Briefly, 3169 participants and 1508 metabolites passed metabolomics QC. 1718 metabolites were measured before QC with the Metabolon HD4 platform. Plasma metabolomics data from all genetic ancestries were QCed with 11 steps (Supplementary Fig. 13b, details see Supplementary Notes): Step 1) Volume Normalization; Step 2) Sample Missingness: we kept samples < 50% missingness; Step 3) Metabolite Missingness: we kept metabolites from non-xenobiotics groups < 80% missingness; Step 4) Fischer’s Exact Test and Differential Expression Check to recover metabolites if their missingness was associated with disease status; Step 5) Minimum Value Imputation on non-xenobiotic group of metabolites; Step 6) Remove non-informative metabolites after log10-transformation: non-informative metabolites were defined as IQR = 0 and variance < 0.001; Step 7) IQR-based outlier detection: remove outlier values based on if exceed the 1st and 3rd quantile for larger than 1.5*IQR; Step 8) Metabolites with < 50 data points; Step 9) Sample Outlier removal based on metabolite-PCA: > 5 standard deviation of the PC1 and PC2; Step 10) Batch effects of metabolomics data; Step 11) output the final matrix and back transformation of metabolite levels. Notably, for step 5, missing values were imputed. However, as mentioned earlier Xenobiotics are indeed expected to be missing, and imputing their values could skew the results. So, imputation is performed only for the non-xenobiotic group of metabolites.

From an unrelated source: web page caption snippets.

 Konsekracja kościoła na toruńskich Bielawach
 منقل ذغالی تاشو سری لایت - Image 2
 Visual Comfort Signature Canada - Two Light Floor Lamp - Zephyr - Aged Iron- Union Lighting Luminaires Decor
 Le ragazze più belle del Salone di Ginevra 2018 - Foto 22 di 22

The metabolomic imputation was later tested and was determined not to affect the effect size of the mQTL identified in both ancestries (see “Identification of mQTLs” for the modeling), compared to the values without imputation (Supplementary Fig. 15a–d).

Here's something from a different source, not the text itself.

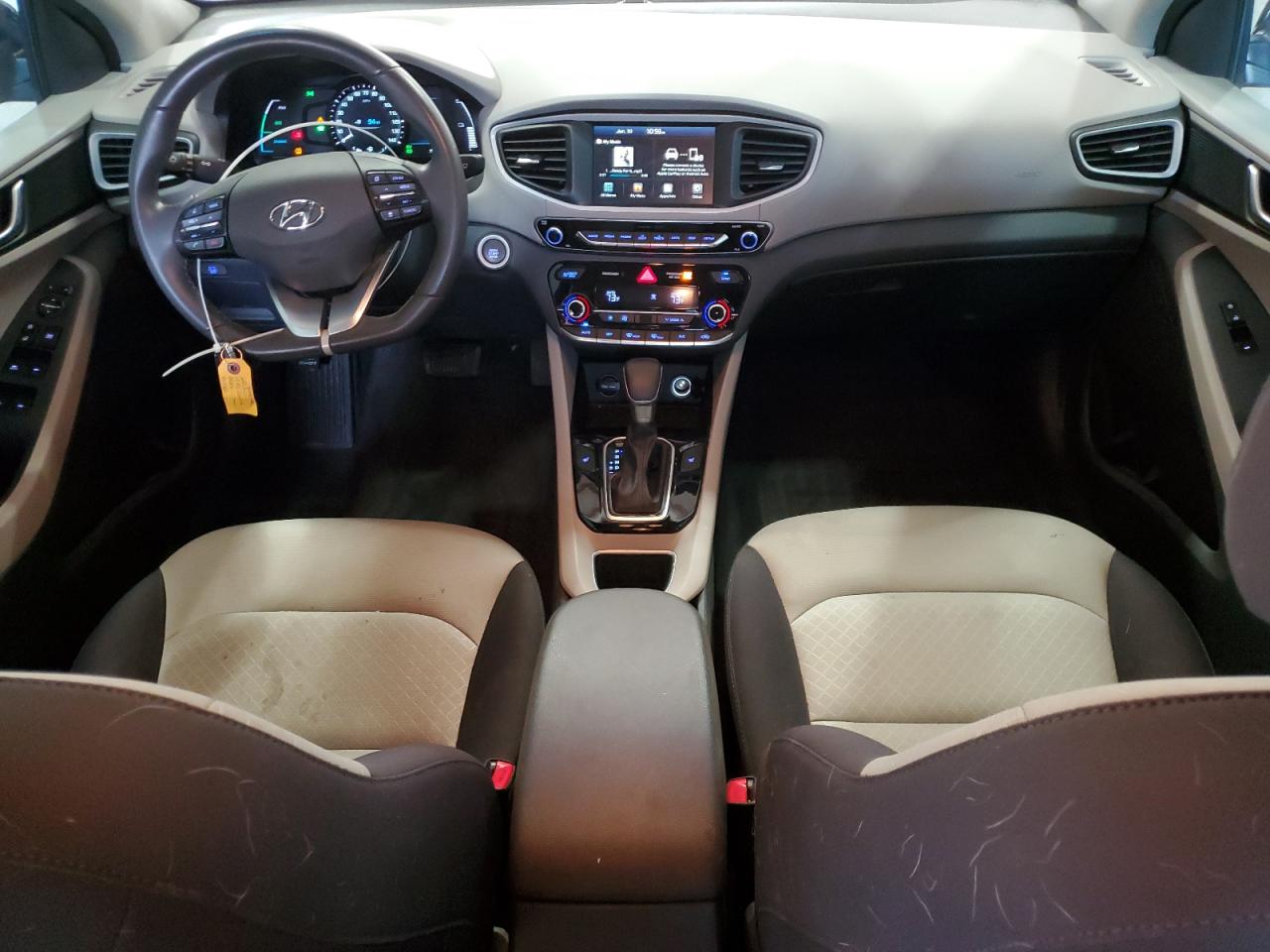 2017 Hyundai Ioniq Sel VIN: KMHC75LC3HU044845 Lot: 56761175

Genotype QC, imputation, and ancestral group stratification

At the pre-imputation stage (see Supplementary Notes for the details), the directly genotyped variants were kept agreeing to three criteria: (1) genotyping successful rate ≥98% per variant or per individual; (2) MAF ≥ 0.01; and (3) Hardy–Weinberg equilibrium (HWE) (P ≥ 1 × 10−6). Imputation was performed on the TOPMed3 imputation server using the hg38 Version R2 reference panel. The TOPMed Imputation Reference panel contains information from 97,256 deeply sequenced human genomes. Imputed genotypes with imputation quality of R2 ≥ 0.3 were kept. At the post-imputation stage, the genotyped and imputed variants remained on the two criteria: (1) genotyping missing rate ≤90% per variant; (2) MAF≥ 0.0005. Multiple genotyping arrays were included for this cohort. Including CoreEx, GSA_v1, GSA_v2, GSA_v3, Human1M.Duov3, NeuroX2, OmniEx, quad660 (Supplementary Data 1). For each genotype array, we performed pre-imputation, imputation, and post-imputation separately. We merged all into one dataset before performing the QTL analyses (see Supplementary Notes for the details). Thus, the final number of genetic variants located on autosomal chromosomes was 10,448,203. In total, 3081 out of 3170 participants had corresponding genotype data.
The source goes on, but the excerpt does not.